Alors que les grands groupes ont fait depuis quelques années de l'agilité le nouveau mantra de leurs projets, la présentation que donne Meng Liu (Forrester) du modèle opérationnel d'une des néo-banques les plus performantes de Hong Kong me conduit à questionner ses limitations face à quelques angles morts de l'expérience client.
Bien qu'il n'en soit pas explicitement question dans le billet, l'autonomie quasi totale qu'accorde la jeune pousse à ses « propriétaires de produit » (« product owners » ou « PO ») et dont il est fait mention pour justifier de son excellence constitue bien un des piliers des méthodes agiles. Chacun de ces individus devient de fait l'équivalent d'un directeur général possédant tout pouvoir sur son périmètre, dans une approche de responsabilité distribuée destinée à démultiplier l'efficacité de l'organisation.

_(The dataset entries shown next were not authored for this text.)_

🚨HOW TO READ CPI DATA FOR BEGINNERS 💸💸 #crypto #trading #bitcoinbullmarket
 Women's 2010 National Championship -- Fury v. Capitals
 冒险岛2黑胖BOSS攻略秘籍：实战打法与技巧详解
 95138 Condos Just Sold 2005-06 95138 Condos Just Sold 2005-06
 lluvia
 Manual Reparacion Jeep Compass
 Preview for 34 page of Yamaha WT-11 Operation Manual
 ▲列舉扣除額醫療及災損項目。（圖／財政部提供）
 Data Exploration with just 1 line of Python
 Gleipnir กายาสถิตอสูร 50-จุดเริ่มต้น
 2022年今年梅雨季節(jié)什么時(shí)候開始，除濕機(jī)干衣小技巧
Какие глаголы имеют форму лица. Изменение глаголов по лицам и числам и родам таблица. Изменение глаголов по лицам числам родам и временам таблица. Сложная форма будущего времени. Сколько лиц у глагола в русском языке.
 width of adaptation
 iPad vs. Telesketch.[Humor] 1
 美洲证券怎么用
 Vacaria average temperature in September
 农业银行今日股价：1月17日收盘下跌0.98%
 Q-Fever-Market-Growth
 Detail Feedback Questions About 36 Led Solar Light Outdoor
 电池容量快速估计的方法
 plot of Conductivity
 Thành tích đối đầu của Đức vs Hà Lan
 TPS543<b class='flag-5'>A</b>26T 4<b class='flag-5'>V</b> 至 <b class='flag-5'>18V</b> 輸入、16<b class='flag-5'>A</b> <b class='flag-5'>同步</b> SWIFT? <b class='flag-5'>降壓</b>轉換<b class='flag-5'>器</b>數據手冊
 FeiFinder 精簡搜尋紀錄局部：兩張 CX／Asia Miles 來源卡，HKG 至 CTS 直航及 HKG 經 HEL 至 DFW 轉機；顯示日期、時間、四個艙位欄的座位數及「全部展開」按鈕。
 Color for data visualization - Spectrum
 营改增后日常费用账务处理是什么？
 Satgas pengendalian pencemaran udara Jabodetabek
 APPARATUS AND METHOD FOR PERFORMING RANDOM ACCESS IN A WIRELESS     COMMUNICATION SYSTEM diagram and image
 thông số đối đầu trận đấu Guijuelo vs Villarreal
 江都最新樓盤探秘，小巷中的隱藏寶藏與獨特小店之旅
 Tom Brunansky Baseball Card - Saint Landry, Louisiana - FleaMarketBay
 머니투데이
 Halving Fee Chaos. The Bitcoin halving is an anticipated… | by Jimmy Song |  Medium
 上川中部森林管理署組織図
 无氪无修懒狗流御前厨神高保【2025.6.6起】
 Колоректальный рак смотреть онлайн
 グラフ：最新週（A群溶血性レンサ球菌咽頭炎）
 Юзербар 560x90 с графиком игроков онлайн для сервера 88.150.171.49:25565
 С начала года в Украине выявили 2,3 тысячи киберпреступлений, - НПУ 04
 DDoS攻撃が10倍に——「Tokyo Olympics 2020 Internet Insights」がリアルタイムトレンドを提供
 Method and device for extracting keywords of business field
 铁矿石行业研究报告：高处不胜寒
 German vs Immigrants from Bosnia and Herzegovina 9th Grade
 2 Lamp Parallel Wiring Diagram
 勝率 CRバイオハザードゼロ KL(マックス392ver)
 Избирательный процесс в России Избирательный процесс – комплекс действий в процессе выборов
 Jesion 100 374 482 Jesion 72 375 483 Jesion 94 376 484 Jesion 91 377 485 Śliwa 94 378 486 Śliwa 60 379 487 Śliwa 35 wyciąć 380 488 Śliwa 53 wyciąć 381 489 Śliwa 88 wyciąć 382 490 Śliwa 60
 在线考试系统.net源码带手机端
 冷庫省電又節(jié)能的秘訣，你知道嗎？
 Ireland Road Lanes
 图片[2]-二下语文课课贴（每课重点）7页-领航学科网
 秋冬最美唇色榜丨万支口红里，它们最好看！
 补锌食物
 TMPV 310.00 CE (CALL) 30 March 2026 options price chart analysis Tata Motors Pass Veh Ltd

Or, derrière cette vision apparemment idyllique, surgit immédiatement le danger de (re)créer des silos fonctionnels qui nuisent à la qualité de la solution globale mise en œuvre. Ou, pour prendre un peu de recul et de perspective sur le sujet, n'existe-t-il pas une contradiction intrinsèque à simultanément promouvoir une démarche de conception et développement centrée sur un produit et essayer de répondre aux exigences plus profondes de focalisation sur les besoins et les attentes des clients de l'entreprise ?
Même sans évoquer les cas où l'objet du projet est tourné vers l'interne et le « PO » n'est qu'un autre nom pour un chef de projet classique, la prise en compte du point de vue de l'utilisateur final, quand elle n'embrasse que le champ du produit considéré par chaque équipe, est singulièrement étroite. À quelle étape se préoccupera-t-on sincèrement – c'est-à-dire indépendamment du contexte d'une offre – des moments de vie du client, qui représentent pourtant le point d'ancrage incontournable de leurs parcours ?
Ce défaut presque universel fournit probablement une des principales raisons pour lesquelles, par exemple, les applications mobiles des institutions financières, y compris celles qui ont été actualisées très récemment, certainement en déployant les meilleures pratiques de l'agilité, restent désespérément structurées par service bancaire et non par catégorie de besoins et de situations, ce qui semblerait pourtant être l'option de bon sens si elles visaient un alignement optimal avec les attentes de leurs usagers.
Comme avec n'importe quelle méthodologie qui veut apporter une réponse à une problématique spécifique, il faut toujours se méfier de ses inconvénients collatéraux et trouver le meilleur moyen de les résorber. En l'occurrence, la logique voudrait qu'un équilibre soit systématiquement trouvé entre l'exécution, en toute autonomie, des projets élémentaires et une sorte de pilotage transverse de l'expérience, élaboré à travers le regard du client, afin d'assurer leur cohérence et leur intégration dans son univers.